Clearly Megan's fourth decade is the culmination of her hard work over the past 25 or so years. However, rather than racing ahead with overly ambitious plans, she's heeding the burnout lessons from her youth, and is instead taking things slowly – and mindfully.
"Pardon the pun, but I'm taking baby steps," she smiles. "I don't want to get too ahead of myself."
The same goes for her personal life. Since Shaun popped the question, Megan has been plagued with questions about nuptials.
"It is something we'll get round to," she says. "We have so much on. Also, I want my kids to be part of it. I want them both to remember the day, rather than looking at photos years down the line with no recollection. But yes, I do want to get married and to be a family in that traditional sense."
Ultimately though, Megan has a bigger viewpoint. Regardless of whether she's faced with challenging times, or just trying to get through the day-to-day, she has a mantra that helps.
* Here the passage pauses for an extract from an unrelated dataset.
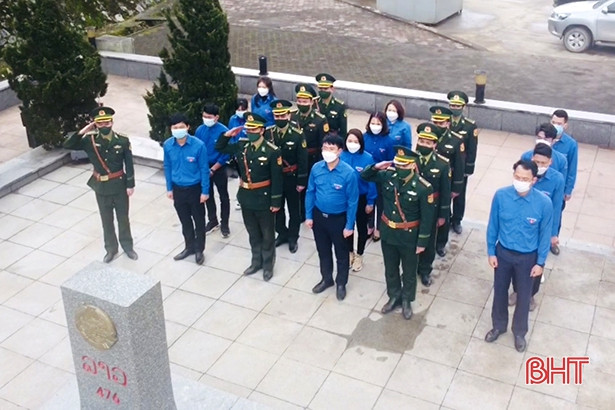 Lễ chào cờ “Tôi yêu Tổ quốc tôi” tại cột mốc vùng biên Hà Tĩnh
"I try to take the 'glass half full' view," she says. "Losing my dad was awful, but I was thinking that thank god I at least got to share the last month with him; thank god I could be there at his bedside before he passed; thank god he got to hold his grandson. I could have been angry, resentful and upset about my dad having cancer, but what could I do? It had happened. Instead, I focused on the fact that at least I've got my mum, my brothers, Shaun, my son, my daughter...
"I know it's hard in times of despair to be positive, but I think trying to find some strength within to look at what you do have, rather than what you don't or what you've lost, is so important. If you can do that in tough times like that, then it's so much easier to find happiness every day."